Task instructions: Print, exactly as they stand, the lines below from the one that has "this 267×200 image." to the one that has "this 952×1270 image.", inclusive, leaving out the pictures.

[[ Records provided, beginning ]]

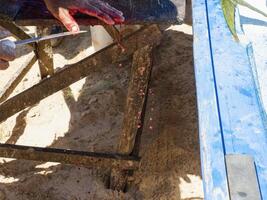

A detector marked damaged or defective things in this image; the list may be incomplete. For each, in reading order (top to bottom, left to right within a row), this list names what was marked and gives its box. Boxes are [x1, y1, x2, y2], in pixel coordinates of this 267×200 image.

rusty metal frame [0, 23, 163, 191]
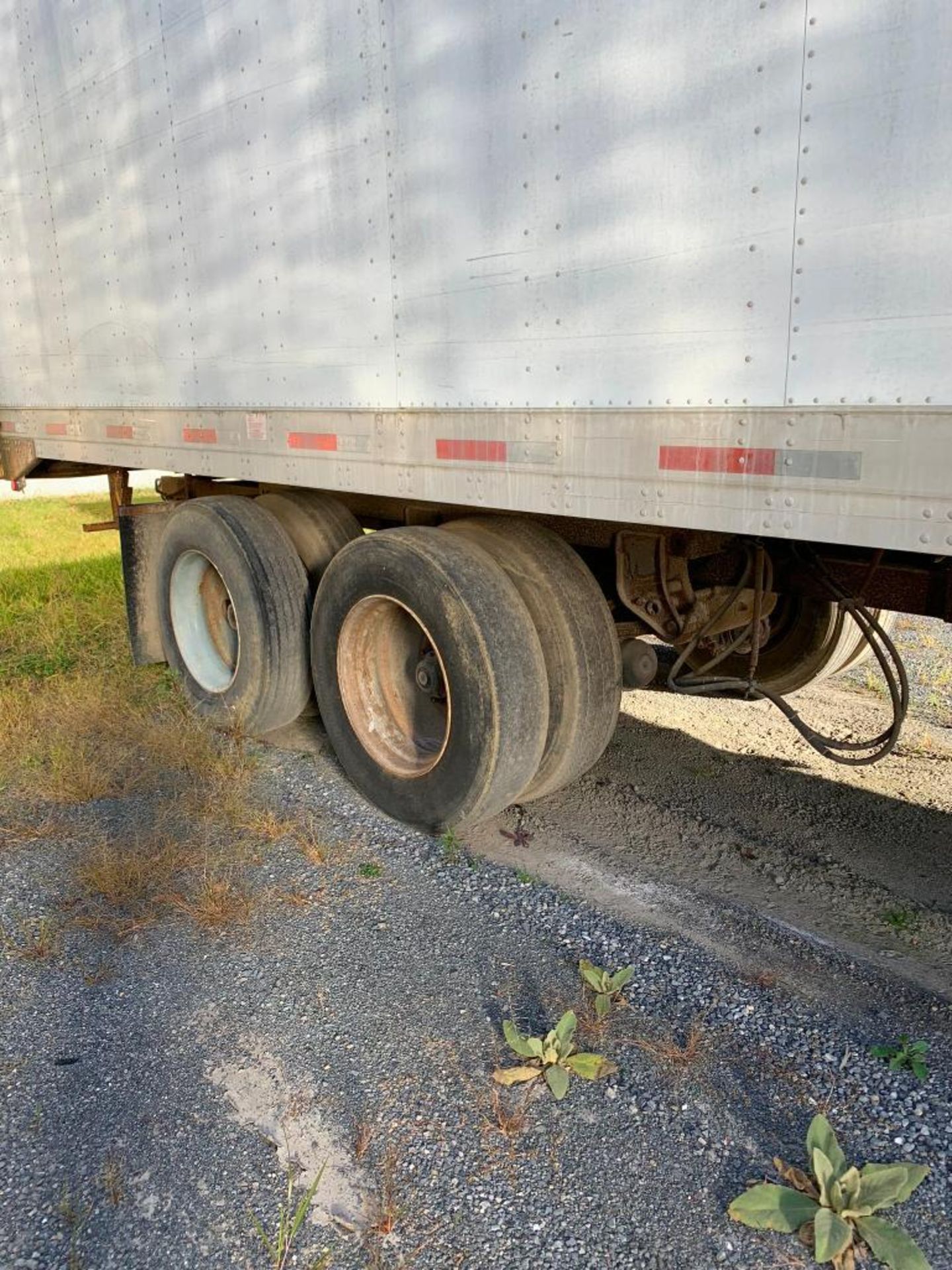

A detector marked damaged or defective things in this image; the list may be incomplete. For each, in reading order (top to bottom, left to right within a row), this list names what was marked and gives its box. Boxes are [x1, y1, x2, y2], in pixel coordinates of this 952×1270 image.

[[ Records provided, end ]]
[[ Records provided, beginning ]]

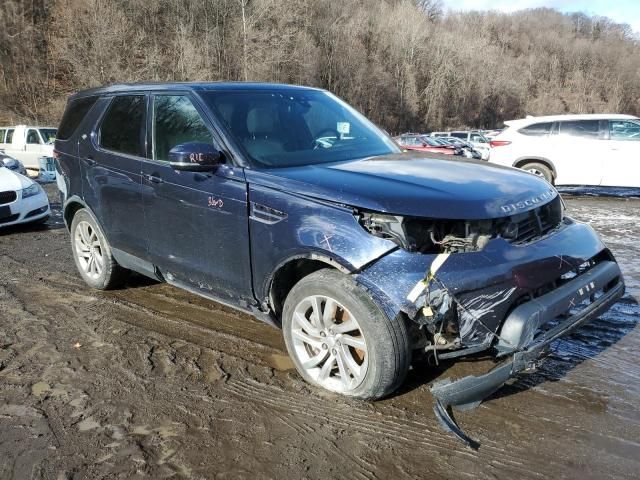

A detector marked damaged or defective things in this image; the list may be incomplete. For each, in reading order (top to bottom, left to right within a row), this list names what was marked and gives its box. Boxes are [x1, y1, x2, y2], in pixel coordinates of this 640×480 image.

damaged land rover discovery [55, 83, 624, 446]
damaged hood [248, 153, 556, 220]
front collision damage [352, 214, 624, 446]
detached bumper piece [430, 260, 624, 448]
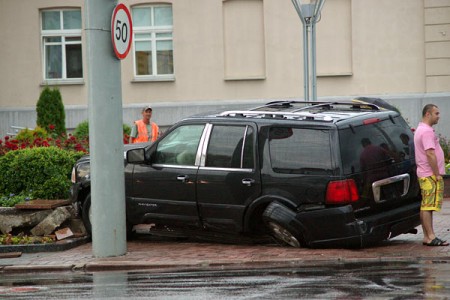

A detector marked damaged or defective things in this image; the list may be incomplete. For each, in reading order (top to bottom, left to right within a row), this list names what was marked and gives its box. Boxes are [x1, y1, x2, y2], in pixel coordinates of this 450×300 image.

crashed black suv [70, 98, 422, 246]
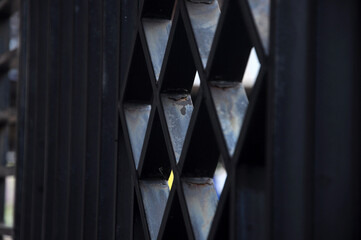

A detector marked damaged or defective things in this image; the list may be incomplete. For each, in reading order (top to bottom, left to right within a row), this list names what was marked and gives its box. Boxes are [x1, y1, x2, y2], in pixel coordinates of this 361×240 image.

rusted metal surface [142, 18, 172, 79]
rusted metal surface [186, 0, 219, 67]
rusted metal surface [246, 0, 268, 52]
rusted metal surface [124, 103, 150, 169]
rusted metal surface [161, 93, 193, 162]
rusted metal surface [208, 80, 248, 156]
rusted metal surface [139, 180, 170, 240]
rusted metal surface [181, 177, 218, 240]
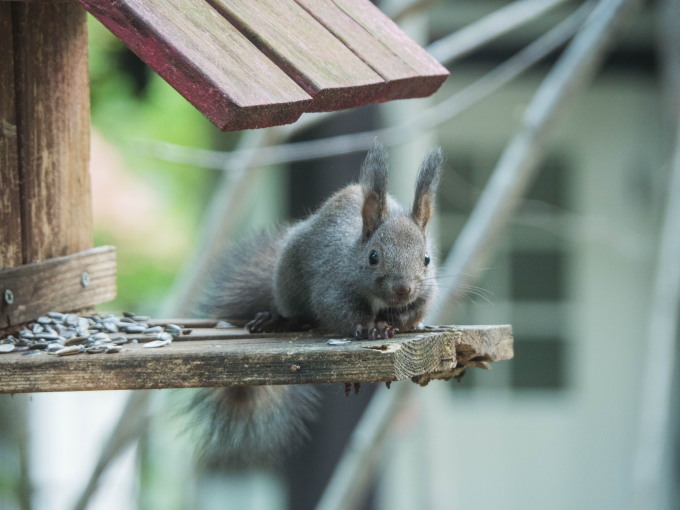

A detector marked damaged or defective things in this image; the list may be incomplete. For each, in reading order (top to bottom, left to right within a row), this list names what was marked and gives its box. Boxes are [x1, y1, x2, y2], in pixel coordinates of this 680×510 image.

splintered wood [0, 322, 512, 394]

[[ Records provided, end ]]

Response to the exercise:
A detector marked damaged or defective things in this image; the list may be incomplete. For each, in reading order (top to bottom, left to right within a row), this list names what was marked and gives its box. Boxes are [x1, y1, x2, y2], in pixel coordinates of this 267×200 image.

rusty metal frame [0, 23, 163, 191]

A detector marked damaged or defective things in this image; the list may be incomplete. For each, in reading order (top to bottom, left to right within a row), this list names what was marked and gives its box. Boxes are [x1, y1, x2, y2], in pixel coordinates of this 952×1270 image.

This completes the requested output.